Ils « suivent » un producteur de tweets
– individu ou institution et veulent faire lien avec ce dernier parce qu’ils
estiment que l’information qu’il leur apporte est légitime. Ils sont abonnés
aux comptes de ceux qu’ils choisissent de lire et avec lesquels ils aspirent à
entretenir un lien privilégié. À Cannes, par exemple, on observe des twittos qui suivent en direct «leur»
star quand celle-ci est sur Twitter,
qu’elle propose sa vision du Festival ou informe, plus simplement, de là où
elle se trouve à un moment donné de la manifestation et de ce qu’elle y fait.
La star s’abonne rarement aux comptes de ses followers (si c’est le cas, c’est d’ailleurs une consécration pour
le follower qui devient alors following, suivi par sa star). Elle est
généralement abonnée à ceux qui sont déjà ses amis dans la « vraie »
vie rendant, par le fait, publiques ses connivences amicalo-numériques. Il est
courant que les followers d’une star retweetent les tweets de leur star ce qui génère un effet gigogne des messages
déposés par celle-ci sur Twitter.
L’exemple star-fan est instructif car il permet de comprendre assez simplement
le mécanisme et l’intérêt du réseau social. L’intérêt du tweet à Cannes tient à la force testimoniale dont il est porteur,
une force qui dépend de la substance du message et de sa proximité
spatio-temporelle avec le lecteur-follower.
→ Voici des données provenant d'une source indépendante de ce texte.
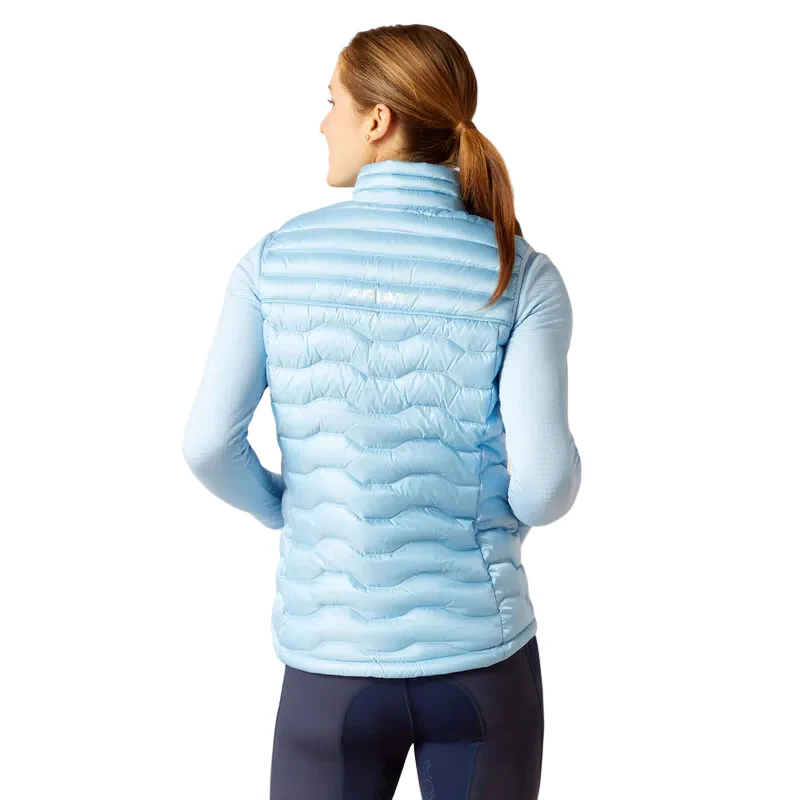 Ariat Women's Ideal Down Vest - Iridescent Cote D'Azur - Image 2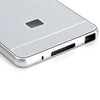 Anti-scratch PC Back Cover Case with Aluminum Metal Bumper Frame for Xiaomi Note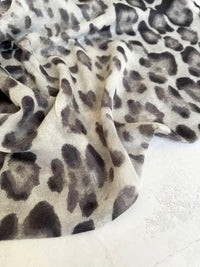 Ladies Leopard Print Scarf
Un bon tweet contient une information
qui pourra être, au sens le plus terre-à-terre, réexploitée par le follower car elle vient alimenter ses
intérêts immédiats dans le cadre la manifestation cannoise (où se passe-t-il
quelque chose maintenant ?)
(3) L’évaluation d’un tweet à Cannes tient à la pertinence du message partagé, une
pertinence assertorique qui relève de son intérêt tantôt prescriptif-informatif
(quel film voir ? Où se trouve telle fête et comment y entrer ?),
tantôt de partage d’avis, de citations, d’états d’âme ou d’opinions, un intérêt
qui se mesure donc à l’aune de l’événement et des faits festivaliers qu’il
génère afin d’enrichir le sens même de chaque contribution personnelle au sein
du collectif participant. Il faut noter que le fait qu’à Cannes, outre
l’existence du compte officiel du Festival, le fait que les plus hauts
responsables de la manifestation – le président Gilles Jacob et le Délégué
artistique Thierry Frémaux - aient fait le choix d’ouvrir leur compte personnel
sur Twitter renforce la dynamique
participative à la manifestation et, en conséquence, entretient l’illusion
d’une communauté « cinéphiliconnectée »
organisée autour de l’événement.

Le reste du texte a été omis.